A teenager in 1965 gets her fortune read, predicting her own murder. Now, sixty years later it’s come true - and it’s up to her grandniece to solve it before the time limit established in the will runs out. 

An interesting plot for a murder mystery to be sure. Once the plot actually kicked off I found the characters to be fun and just enjoyed the ride. We meet Frances through her journal entries, convinced of her own impending murder. She has spent decades of her life attempting to solve the riddle given to her by the fortune teller, and generally causing a nuisance to all around her by seeing death around every corner. When her grandniece unexpectedly gets a call that she’s to be the inheritor to Frances’ will - a woman she’s never met - she’s confused. She’s even more confused when they arrive to find Frances dead, and the will stating that she’s to solve the murder within a week or that all her assets will be sold off. With the timeline ticking down and only her great aunt’s journal from when she was 17 to go off of, she has to try to solve a decades old murder in the making. 

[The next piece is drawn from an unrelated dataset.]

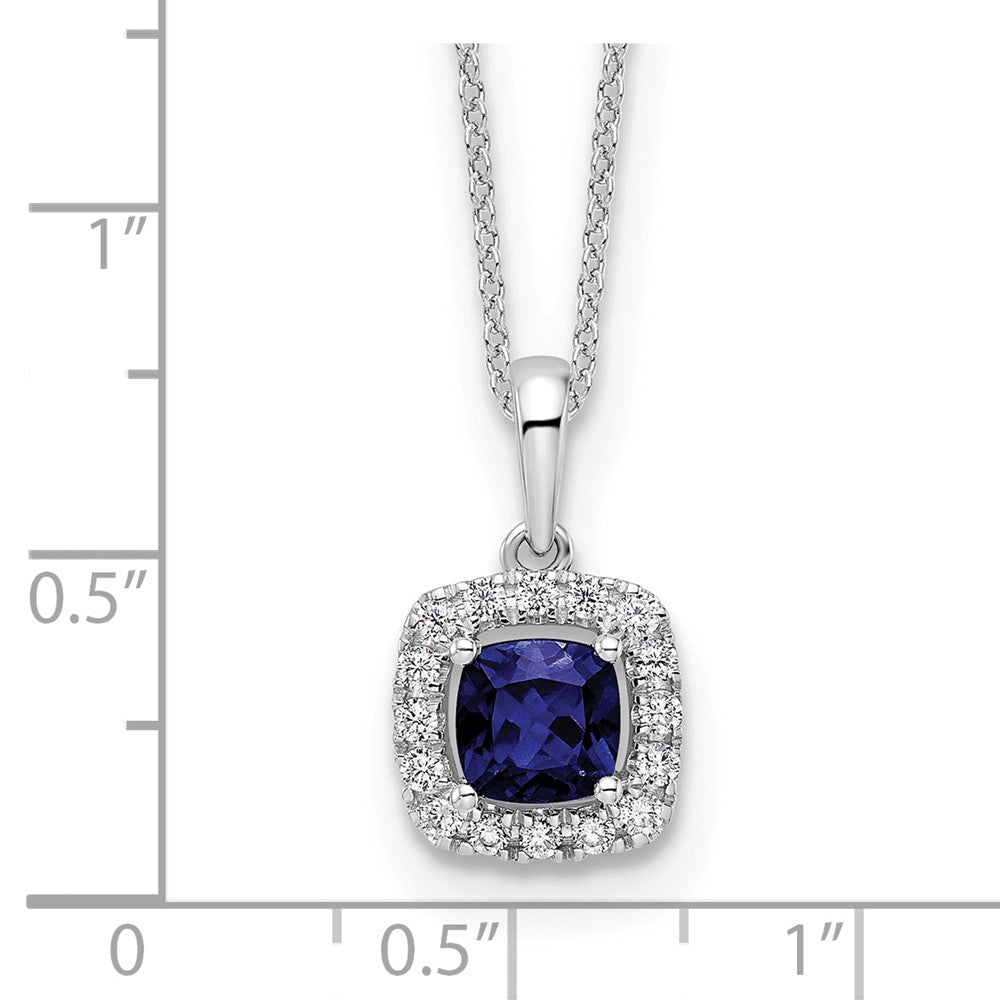 10K Weißgold 0,25 ct. Laborgezüchteter Diamant VS/SI+ G+ und Synthetischer Saphir 18 Zoll Anhänger-Halskette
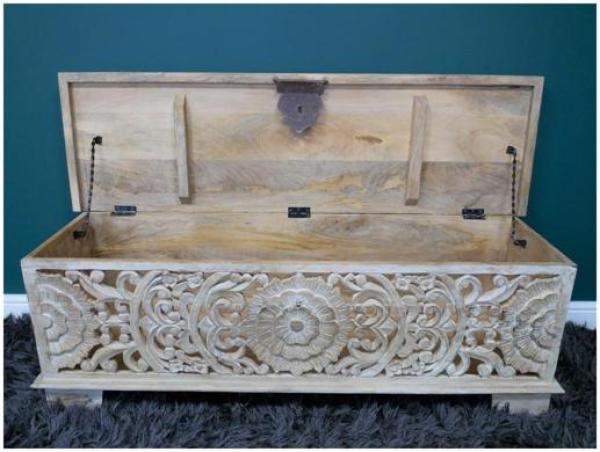 Product photograph of Dutch Mango Wood Carved Storage Bench from Choice Furniture Superstore.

Told between two timelines - Frances’ journal and current-day Annie attempting to solve the case - this book presents an interesting premise. I did have fun reading this, and I believe any fan of cozy mysteries will have fun with this book. There were a few aspects I found difficult to get into that I tended to gloss over during my reading - the almost no investigation of Frances’ death, the handling of evidence, and in all honesty - how the mystery was solved at the end. However, I had a fun ride on this adventure and I would recommend it to anyone looking for a relatively low-stakes murder mystery in the drowsy English countryside. 
 
(Also, not related because these are young men/teenagers in the 1960s, but why was literally every single male love interest to Frances the worst? I hated them both? They both slept with the same woman, and then blamed that woman for being the reason they did - plus with a small uncomfortable level of slut-shaming/purity culture leveled at both her and Frances, where Frances is seen as the “morally” better choice because she was a virgin. I understand that this was most likely included to fit the era of the journal entries, but I didn’t like the almost implication that the girl who slept with both of these men were the sole aggressor - as if Frances’ boyfriend couldn’t have simply. Not had sex with her and didn’t cheat.)

A huge thank you to the author, NetGalley, and Penguin Group Dutton for providing this e-ARC.